**MATERIAL TO PROCESS**
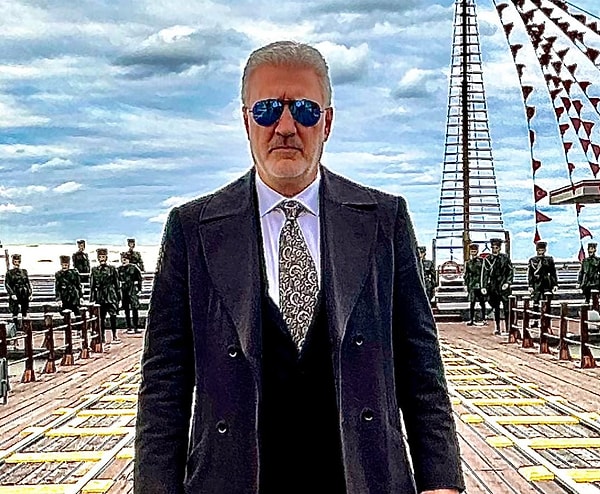 Yaşanan Gerginlik Gündem Olmuştu: Tamer Karadağlı Nihal Yalçın'ın Arkasından Yaptığı Mimikler Hakkında Konuştu 3 yasanan gerginlik gundem olmustu tamer karadagli nihal yalcinin arkasindan yaptigi mimikler hakkinda konustu 2 DV1752c7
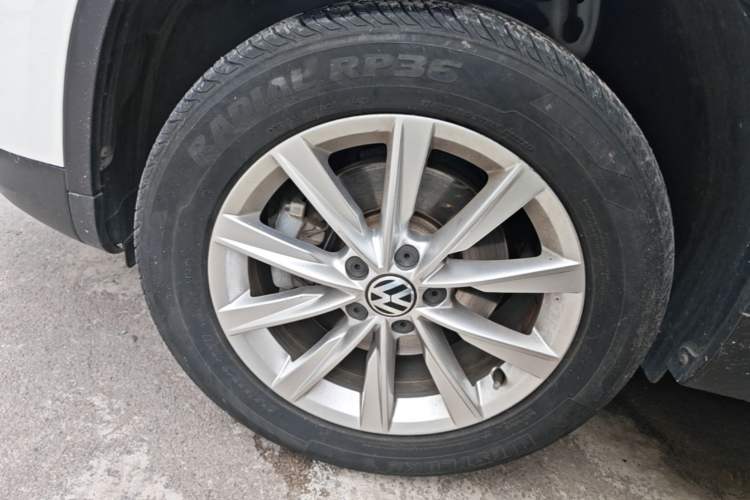 Used Volkswagen Tiguan 2016 280TSI Automatic Two-Wheel-Drive Silk Road Style Edition Left Front Wheel Hub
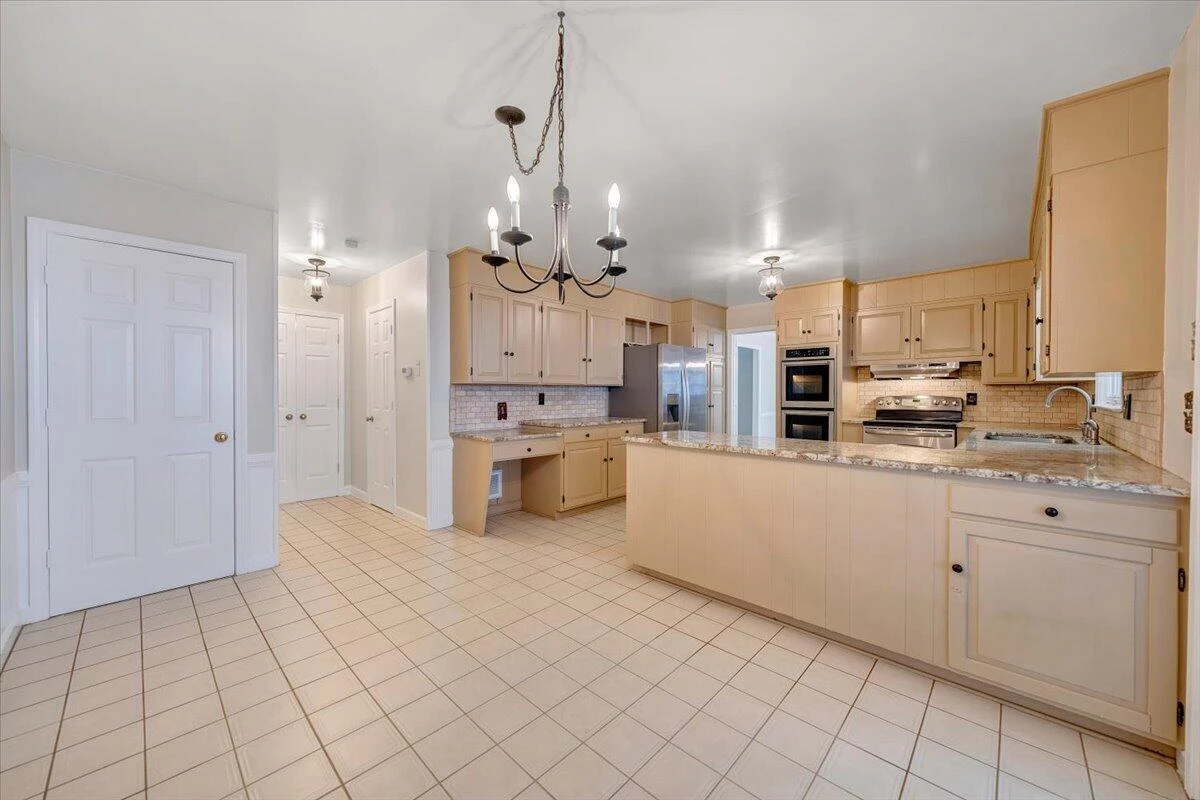 5139 Remington RD - Photo 24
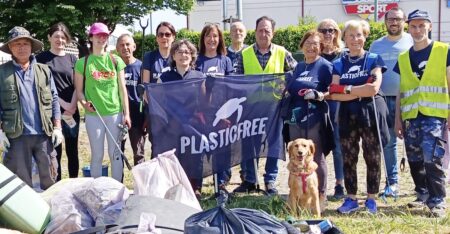 Gallarate: Una discarica in viale Milano, lotta agli zozzoni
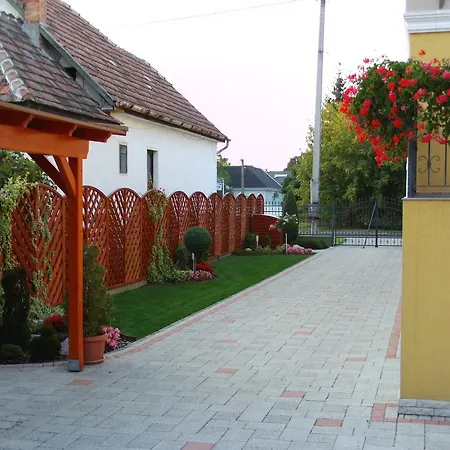 Lola Vendeghaz Апартаменты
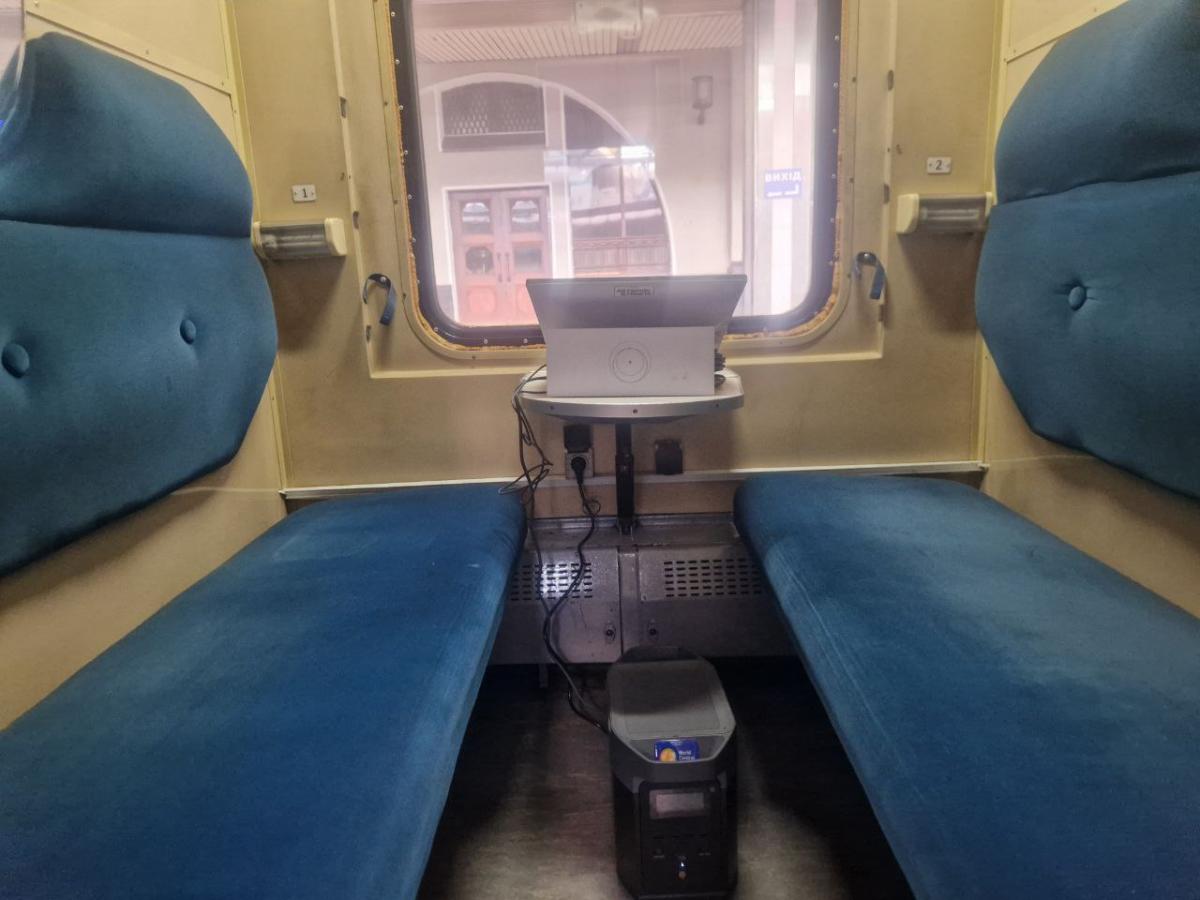 'Укрализныця' запускает специальные вагоны, которые помогут во время блэкаутов (фото)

**TASK GOAL**
Could you set down, exactly as written, every line from the one with "Used Volkswagen Tiguan" to the end of the data, both ends included? Leave out the pictures.

**PROBLEM SOLUTION**
 Used Volkswagen Tiguan 2016 280TSI Automatic Two-Wheel-Drive Silk Road Style Edition Left Front Wheel Hub
 5139 Remington RD - Photo 24
 Gallarate: Una discarica in viale Milano, lotta agli zozzoni
 Lola Vendeghaz Апартаменты
 'Укрализныця' запускает специальные вагоны, которые помогут во время блэкаутов (фото)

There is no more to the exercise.